Koltès finished the play in 1988, and died in 1989, one year before Roberto Zucco’s premiere in April 1990.
HIV and AIDS, Art Making, and Rage
While Koltès lived with the reality of HIV and AIDS in Europe, visual artist David Wojnarowicz (pronounced Wuh-nyar-o-wits) was creating work across the Atlantic, rising to prominence in New York City as both a boundary-defying artist and impassioned AIDS advocate, with much of his work centring around rage against the systems that were failing (and killing) him and his friends and loved ones.
In 1978, before his work was widely recognized, Wojnarowicz took a series of photographs titled Arthur Rimbaud in New York. Wojnarowicz’s friend wears a paper mask with tiny eye holes, stencilled with the face of the poet Arthur Rimbaud. Rimbaud (1850 – 91) was a rebellious surrealist poet who defied tradition and rejected the constraints of Christianity, the heterosexual nuclear family, and the bourgeoisie.
In Wojnarowicz’s photos, Rimbaud hangs out at the piers, rides the subway, shoots up, jerks off. Through this series Wojnarowicz conjures Rimbaud into the present of the 70’s. Alongside these photos he wrote:
“When I was younger and living among the city streets I assumed the smoking exterior of the convict. I entered the shadows of mythologies and thieves and passion: the bedroom of waterfront nights where nameless men lay blooming along the floorboards; where meals and cots and train tickets could be found in a stranger’s hip pocket, and nothing was lost but slender minutes. Now, years later, having followed other roads, I still don’t believe in systems of order, policemen or borders.”
– David Wojnarowicz
An ocean away, Wojnarowicz was untangling the same absurd systemic violence in his work that Koltès found so abundantly in his mythologization of Succo.
The Queer Art of Roberto Zucco
Roberto Zucco isn’t a queer play in any immediately obvious way. The characters are by and large heterosexual, and Zucco stresses again and again how much he loves women. Too much. But at the heart of Roberto Zucco is an explicitly queer proposal; that a life of criminalization, poverty, and marginality is preferable to a life spent reproducing the bourgeois nuclear family.
“…I’m against the State and the government, they’re rotten… This prison sucks, it’s a dump. And now I’ll show you how the paratroopers do it.”
– Roberto Succo
In the video of Succo on the roof of the prison that caught Koltès’ eye in 1988, you can see him step off the roof onto a power line, shimmying across it toward the prison walls. And just as he reaches out with one foot to brace himself, he falls.
In the play, we are told again and again that the character Zucco — as a killer, as a myth, as a concept — is inevitable. A train that won’t leave the tracks, a rhinoceros marching through the mud. In Zucco, Koltès writes about the social inevitability of violence — the ruling class wields violence (through police brutality, patriarchy, and the reification of the nuclear family, for example) at such a massive and institutional scale that it becomes part of the social fabric.
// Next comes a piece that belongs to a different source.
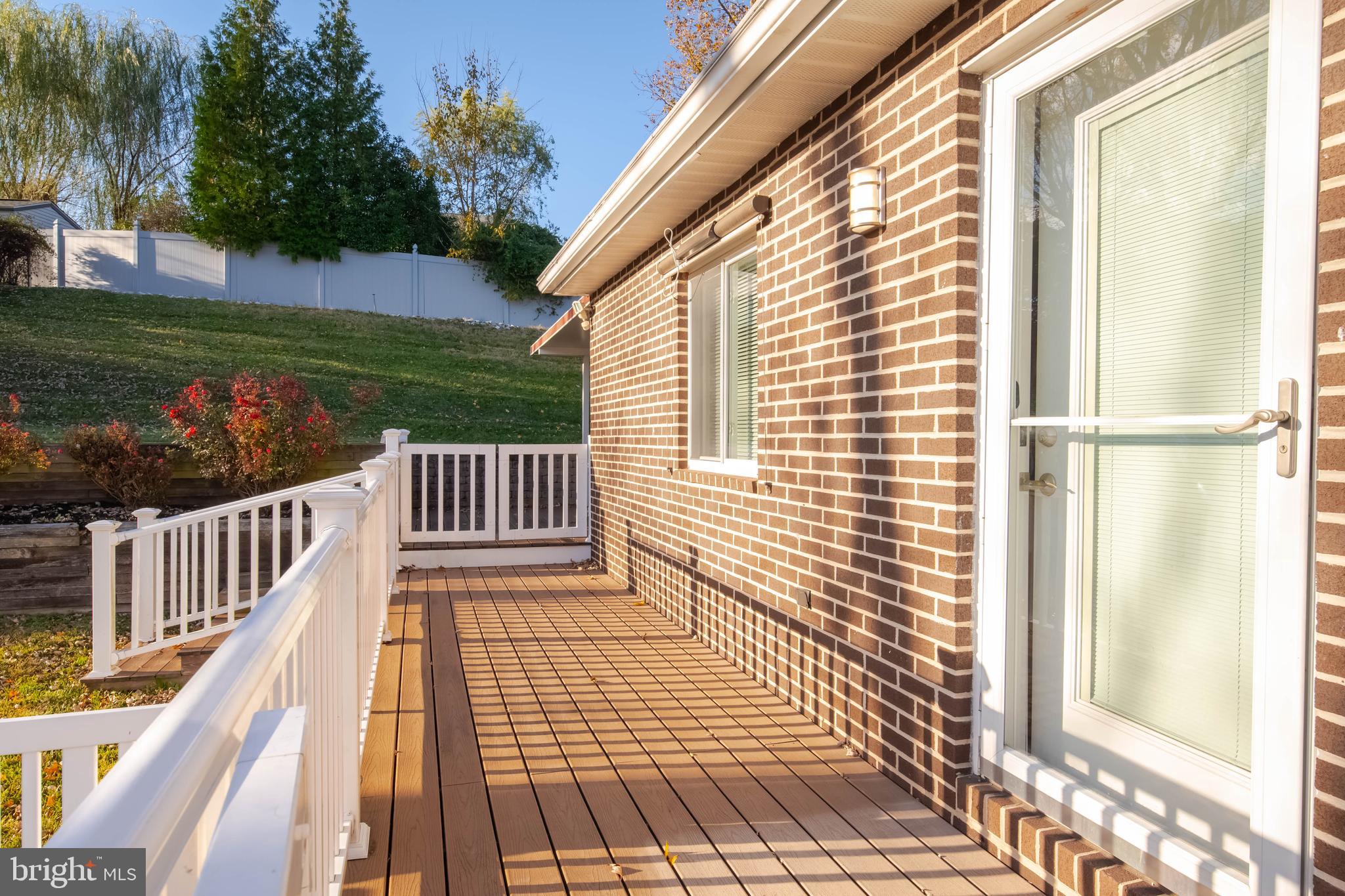 CAMELOT - Residential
The playwright examines — through the reimagining of a very real, very violent figure — how people respond to institutional violence with individual and interpersonal acts of violence that replicate the structures in which they live, but are labelled as a marginalized minority in order to protect the legitimacy of state sanctioned violence. Koltès says:
“If we have to talk about the marginalized in terms of violence, it’s them. The real weirdos, the real weird people, are the provincial bourgeoisie. I wanted to show that it is the others who are not considered marginal, who are crazy, murderers. When we talk about violence in my plays, I say, we’re surrounded by that. The drivers in their cars are astoundingly violent, rude, and vicious, they are ready to kill everyone.”
– Bernard-Marie Koltès
David Wojnarowicz died of AIDS-related complications in July 1992. Before his death he wrote:
“as each T-cell disappears from my body it’s replaced by ten pounds of pressure ten pounds of rage and I focus that rage into nonviolent resistance but that focus is starting to slip my hands are beginning to move independent of self-restraint and the egg is starting to crack america america america seems to understand and accept murder as a self-defense against those who would murder other people and it’s been murder on a daily basis for nine count then nine long years and we’re expected to pay taxes to support this public and social murder and we’re expected to quietly and politely make house in this windstorm of murder but I say there’s certain politicians that had better increase their security forces and there’s religious leaders and health-care officials that had better get bigger fucking dogs and higher fucking fences and more complex security alarms for their homes and queer-bashers better start doing their work from inside howitzer tanks because the thin line between the inside and the outside is beginning to erode and at the moment I’m a thirty-seven-foot-tall one-thousand-one-hundred-and-seventy-two-pound man inside this six-foot body and all I can feel is the pressure all I can feel is the pressure and the need for release.”
– David Wojnarowicz, Close to the Knives
Bernard-Marie Koltès died of AIDS-related complications in April of 1989, one year before the first production of Roberto Zucco. Roberto Zucco isn’t a play about being queer. It’s a play about people on the margins of bourgeois society who seek each other out in abandoned subway stations and busy city parks. It’s a play about leaving behind the stability of the nuclear family for a chance at a few fleeting moments of self-actualization. It’s a play about hating cops and your parents, loving women, stealing cars and staying out all night until the day looks strange and alien and the world looks past you because you’ve seen the other side and you can’t come back.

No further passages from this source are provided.